Beim Begrüßungstalk stimmte IHK-Präsident Elmar te Neues das Publikum auf das Thema ein: „Die Unternehmen müssen ans schnelle Internet angeschlossen werden, um vom Megatrend Digitalisierung auch profitieren zu können.“ Die Kommunen seien gefragt, den Ausbau des Glasfasernetzes anzustoßen und zu begleiten.
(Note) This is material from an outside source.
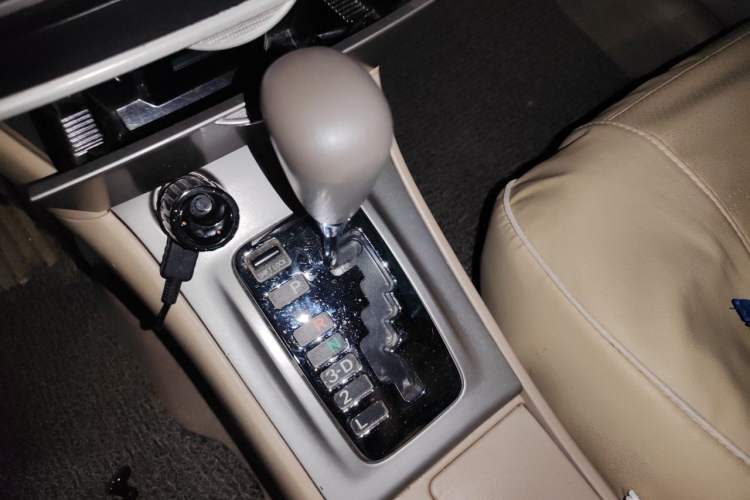 Used Toyota Corolla EX 2010 1.6L Automatic Luxury Edition Gear Lever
Oberbürgermeister Hans Wilhelm Reiners stimmte dem zu und versicherte, dass in vielen Bereichen der Ausbau der Breitbandversorgung vorangetrieben werde. „So sind wir auf dem Weg, in den Innenstädten von Rheydt und Mönchengladbach kostenloses W-Lan einzurichten.“

Der Hauptredner des Abends teilte die Auffassung, dass die notwendige Glasfaserinfrastruktur von essenzieller Bedeutung dafür sei, dass die Digitalisierung in Deutschland zu einer Erfolgs-Story werde. Für Keese ist aber ein allgemeines Umdenken in der Gesellschaft mindestens genauso wichtig. Er nannte als Beispiel die in Deutschland übliche Abrechnung des Wasserverbrauchs auf der Basis von Schätzungen: „Das ist im Zeitalter der Digitalisierung ein Anachronismus, wir haben die Technologien, um den Verbrauch zu messen und via Internet zu übertragen.“

Keese prophezeite, dass eine ganze Reihe von Geschäftsmodellen verzichtbar werde, weil sie von sogenannten disruptiven Technologien und Geschäftsmodellen vollständig verdrängt würden. Am Beispiel der Musikindustrie beschrieb er den Unterschied zwischen Innovation und Disruption: Der Wechsel von der Schallplatte zur CD war zwar innovativ, aber die Tonträgerproduzenten und Händler gab es weiterhin. Der Sprung von der CD zu Streaming-Diensten wie Spotify dagegen war disruptiv. Denn in diesem Modell haben CD-Presswerke und Geschäfte endgültig ausgedient.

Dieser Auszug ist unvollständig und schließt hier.